Assim quis o destino, pois... Eles de um lado, nós do outro. Lá teria de ser. E era para ganhar. Os italianos também deveriam pensar assim porque logo abriram o marcador, num golo que desde logo bani da minha memória. Lembro-me que o meu craque da altura, o Sousa, o número 10 que fintava já na altura com os dois pés, empatou num remate oportuno bem ao seu estilo.

Depois disso, como que uma nódoa imensa. Na alma, no coração, nos olhos que passaram a ver tudo vermelho. De raiva, de impotência, de passividade forçada. Nesses minutos intermináveis, a minha ainda precoce listinha de inimigos figadais e de escória da Terra, ganhara mais um nome: Adolf (tinha de ser!) Prokop, dardos da minha imaginação a espetarem-se-lhe a toda a bolina em toda a superfície do seu reles, desprezível, desonesto corpo. Desenhei-lhe chifres na testa, um grande rabo atrás e um tridente na mão escanzelada. Boniek. Platini. Vis criaturas. Nunca mais os pude, consegui ver. Todos parceiros num crime de lesa-Humanidade.

Foi um hino ao futebol, a exibição da minha equipa, dos homens que idolatrava. Frasquinho, Joãozinho, Jaime Magalhães... Vermelhinho. Gomes. Chorei baba e ranho. Mas porquê, porquê, porquê?

Se nós merecíamos, se nós jogámos, se nós fizémos e acontecemos e vulgarizámos... para quê, porque perder?
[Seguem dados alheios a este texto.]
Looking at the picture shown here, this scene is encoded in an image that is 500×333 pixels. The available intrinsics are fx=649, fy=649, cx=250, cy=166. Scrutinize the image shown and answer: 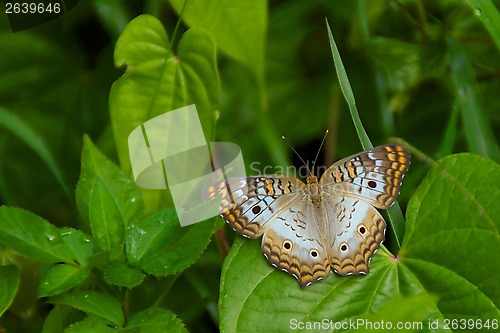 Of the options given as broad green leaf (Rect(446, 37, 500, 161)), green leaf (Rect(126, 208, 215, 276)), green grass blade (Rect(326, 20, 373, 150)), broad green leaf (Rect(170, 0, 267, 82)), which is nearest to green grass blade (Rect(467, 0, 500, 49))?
broad green leaf (Rect(446, 37, 500, 161))

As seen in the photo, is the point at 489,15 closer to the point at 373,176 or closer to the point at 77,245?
the point at 373,176

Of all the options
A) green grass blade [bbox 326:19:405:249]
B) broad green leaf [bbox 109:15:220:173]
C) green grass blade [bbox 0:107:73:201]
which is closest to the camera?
green grass blade [bbox 326:19:405:249]

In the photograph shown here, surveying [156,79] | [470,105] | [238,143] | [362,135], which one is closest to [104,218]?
[156,79]

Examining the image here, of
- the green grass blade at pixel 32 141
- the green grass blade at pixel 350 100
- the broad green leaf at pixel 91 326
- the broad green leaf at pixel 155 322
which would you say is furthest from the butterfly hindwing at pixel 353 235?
the green grass blade at pixel 32 141

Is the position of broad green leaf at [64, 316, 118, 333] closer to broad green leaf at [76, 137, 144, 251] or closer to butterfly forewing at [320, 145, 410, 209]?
broad green leaf at [76, 137, 144, 251]

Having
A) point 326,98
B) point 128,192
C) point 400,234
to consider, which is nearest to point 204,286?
point 128,192

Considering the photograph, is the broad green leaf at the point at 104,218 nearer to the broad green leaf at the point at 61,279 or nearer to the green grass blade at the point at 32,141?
the broad green leaf at the point at 61,279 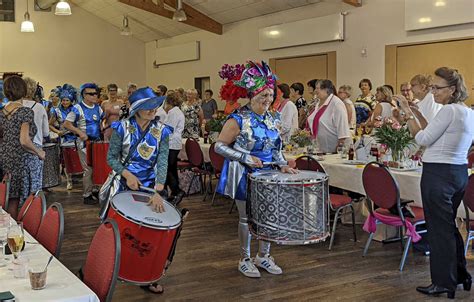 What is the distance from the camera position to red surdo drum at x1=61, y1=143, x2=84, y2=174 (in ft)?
27.3

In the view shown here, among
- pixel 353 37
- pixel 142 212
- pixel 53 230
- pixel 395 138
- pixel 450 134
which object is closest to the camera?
pixel 53 230

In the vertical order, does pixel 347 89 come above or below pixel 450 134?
above

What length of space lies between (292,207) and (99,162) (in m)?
4.14

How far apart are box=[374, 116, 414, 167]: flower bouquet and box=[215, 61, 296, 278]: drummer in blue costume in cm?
134

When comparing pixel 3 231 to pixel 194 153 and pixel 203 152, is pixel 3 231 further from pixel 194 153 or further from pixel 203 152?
pixel 203 152

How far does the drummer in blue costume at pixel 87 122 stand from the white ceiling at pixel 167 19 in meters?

Nesse dia aprendi muita coisa. O poder da bola, o poder do homem, o poder do dinheiro, o poder do nome. Os insondáveis desígnios de Deus. Para uma miúda a sensação de injustiça é um sentimento levado da breca. A modos que quando vejo o querido do Zé Beto qual justiceiro incansável, a correr - caracóis ao vento e espada em punho, montado no seu lindo corcel branco -, em direcção a um dos auxiliares e o agride, sinto que fui, fomos vingados. Claro que passei a adorar o Zé.

Perdemos. Nada mais restava. O mundo como que acabara para mim. Atento, quasi afogado no meu mar de lágrimas, o paizão levou-me à Avenida para nos juntarmos a uma imensa multidão de gente ferida na alma, mas que festejava a exibição, cantando o clube, os jogadores. “A Taça era nossa, A Taça era nossa”. Que era. Cantei e gritei e chorei com eles.

Alguns meses mais tarde, um grupo de sócios resolveu oferecer ao clube uma majestosa réplica da Taça das Taças que deveria ser por direito nossa.
Faltou um bocadinho assim.
Lá teria de ficar para a próxima vez.
Mas sentia que amanhã não seria a véspera desse dia.